Selon la matière traitée, elles se subdivisent comme suit.

Les romans classiques

Les romans classiques sont des récits aux couleurs particulièrement médiévales, plein d’anachronismes. D’anciens héros classiques, comme Énée, les Troyens ou Alexandre, y sont représentés comme des chevaliers courtois et distingués. Hendrik van Veldeke écrivit ainsi son Eneïde, achevé avant 1190 et transmis dans une version en moyen haut-allemand, raison pour laquelle on a parfois contesté l'assertion, généralement acceptée, que le roman avait été rédigé, à l'origine, en moyen néerlandais. Aussi loin dans le temps qu’au milieu du XIIIe siècle, Jacob van Maerlant écrivit les Alexanders Geesten (gestes d'Alexandre) et l’Historie van Troyen (l’histoire de Troie).

Les romans celto-britanniques

Les romans celto-britanniques ou anglo-saxons sont des récits qui se déroulent dans une Bretagne imaginaire. Les thèmes développés sont ceux du roi Arthur (un dirigeant des Britanniques au VIe siècle et ses chevaliers de la Table ronde, et le Graal (la coupe ou le calice de la Cène, conservé au château du Graal).

Un ouvrage original de ce genre est le Walewein (Gauvain), commencé par Penninc et complété par Pieter Vostaert.

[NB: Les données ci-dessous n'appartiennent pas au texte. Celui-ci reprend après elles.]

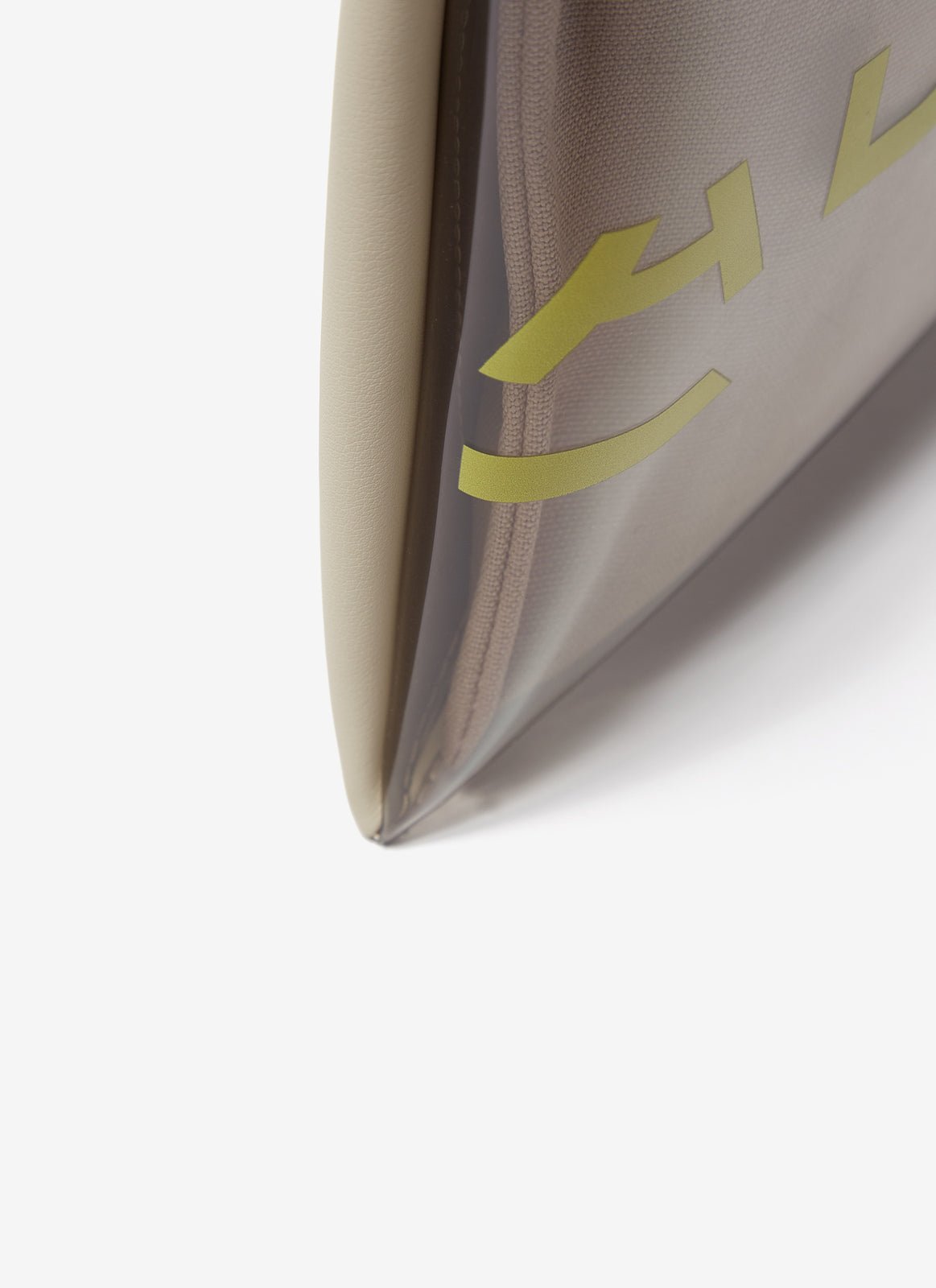 Women Bags | Beige Transparent Clutch Bag With Cotton Pouch by Spanish designer Adolfo Dominguez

Le roman de Ferguut est également reconnu pour ses grandes qualités.

Les romans orientaux

Les romans dits « orientaux » incorporent des éléments que l'on pourrait qualifier d’orientalistes, provenant de Byzance, d'Arabie, de Babylone et d'Italie. Ils sont plus intimes que les précédents : les aventures progressent dans le contexte de l’amour (minne). Le chef-d'œuvre du genre est Floris ende Blanceflour. Du Parthenopeus van Bloys, adaptation de Partonopeus de Blois, ne subsistent que des fragments.

Fables et épopées animales

À l'instar des fabulistes de l'Antiquité, le Grec Ésope et le romain Phèdre, qui attribuent des qualités humaines aux animaux, les auteurs des Pays-Bas écrivaient des œuvres de même esprit. Calfstaf et Noydekijn ont remanié le matériel de ces auteurs de l'Antiquité pour créer leur propre Esopet (vers 1250). En dehors des fables se développe un autre genre : celui de l'épopée animale. Le beau poème Van den Vos Reinaerde parodie un peu la poésie épique chevaleresque.

Van den vos Reynaerde

Le Roman de Renart, illustration dans un manuscrit français de 1300 environ.

Van den vos Reynaerde (par Willem die Madocke maecte, Willem qui faisait Madocke) est un point culminant de la littérature en moyen néerlandais. Ce poème, d'environ 1260, se moque ironiquement des genres épiques, illustrés par les romans d'Arthur et de Charlemagne, en mettant sur scène, comme personnages, des animaux. Reinaert, un renard rusé, réussit à manipuler les autres animaux figurant dans un univers féodal. Van den vos Reynaerde est un des rares ouvrages en moyen néerlandais traduits en latin (et non vice-versa, ce qui était plus souvent le cas). Le livre aurait été écrit au XIIIe siècle par un certain Willem, de qui on mentionne, dans les premières lignes, un autre ouvrage : Madocke. Madocke est un terme général pour les romans de chevalerie. Une autre indication, permettant d’identifier l’auteur, est l’acrostiche, formé par les derniers vers, qui se lit comme « BI WILLEME » (par Willem). Selon Jacob van Maerlant le poète flamand Willem van Hulst aurait écrit, vers l'an 1200, une histoire, Le voyage de Madoc (De reis van Madoc), basée sur la vie du gallois Owain ap Madoc (XIIe siècle). Un autre auteur à qui on peut attribuer ce roman de Renard est Willem van Boudelo, alias Willem Corthals. Ce Reynaert moyen néerlandais emprunte au premier livre du Roman de Renart français, Le Plaid, écrit vers 1160 par Perrout de Saint Cloude.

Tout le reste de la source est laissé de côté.